═══ GIVEN DATA
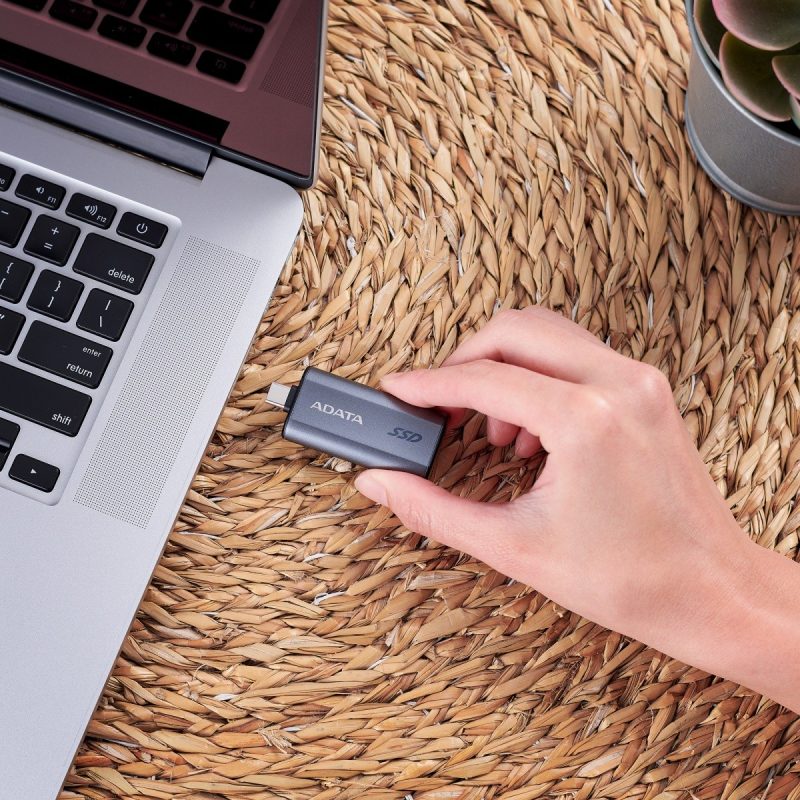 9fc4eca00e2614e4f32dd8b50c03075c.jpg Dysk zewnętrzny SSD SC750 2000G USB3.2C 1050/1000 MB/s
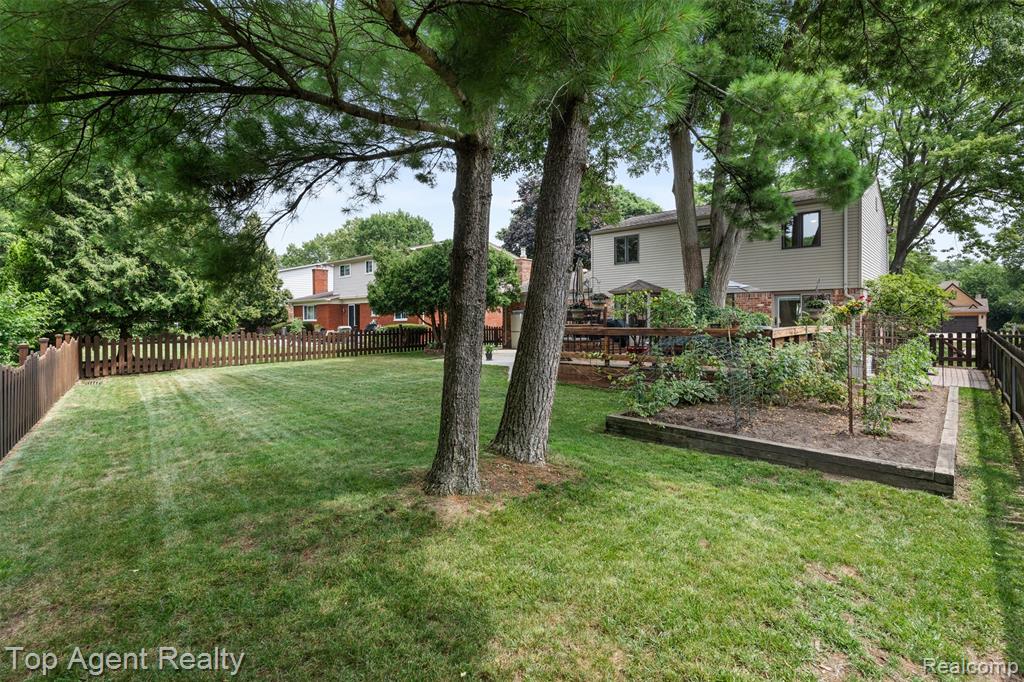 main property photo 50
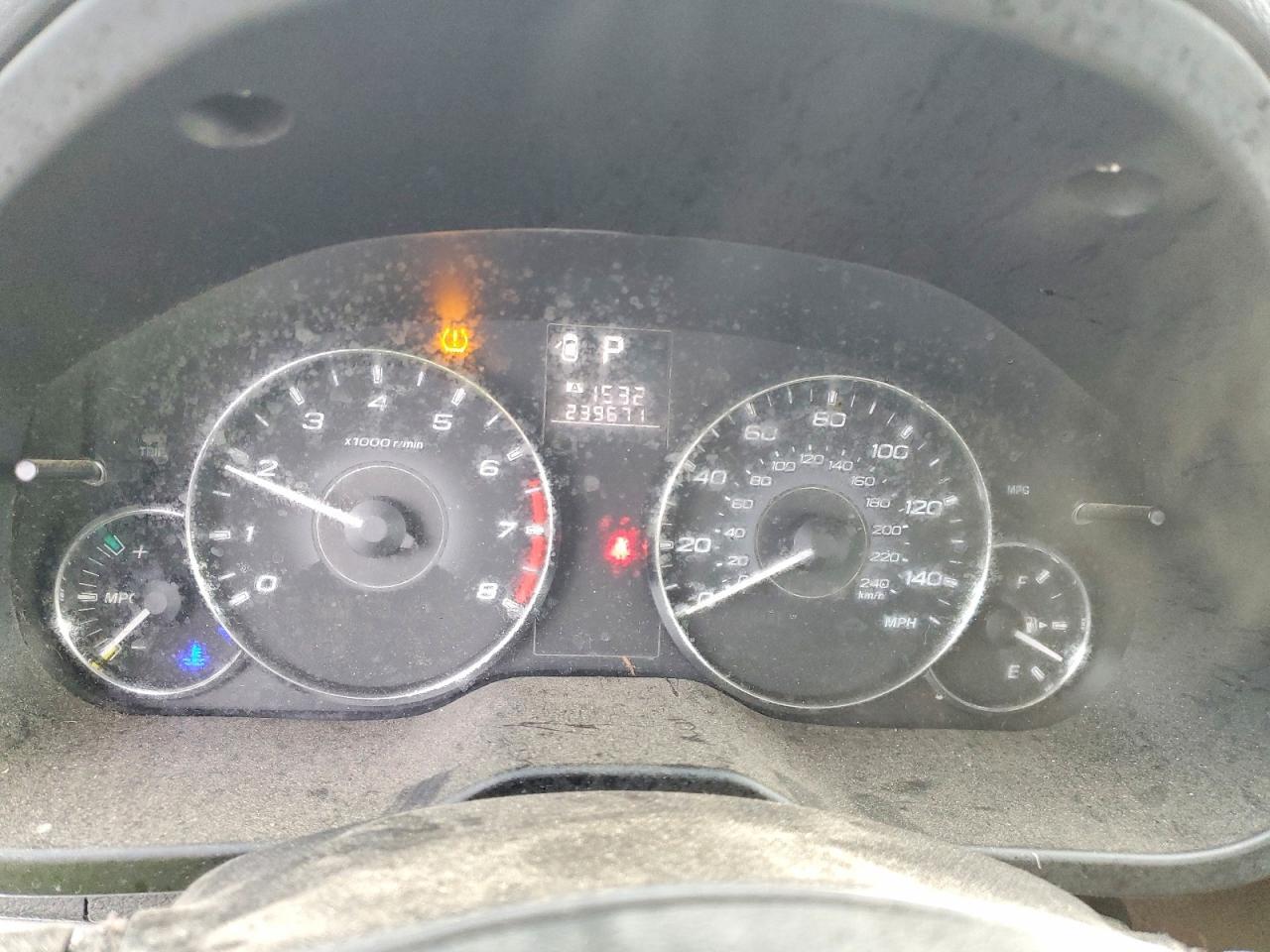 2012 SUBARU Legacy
══════
Every line above must be printed again exactly, pictures excluded.

 9fc4eca00e2614e4f32dd8b50c03075c.jpg Dysk zewnętrzny SSD SC750 2000G USB3.2C 1050/1000 MB/s
 main property photo 50
 2012 SUBARU Legacy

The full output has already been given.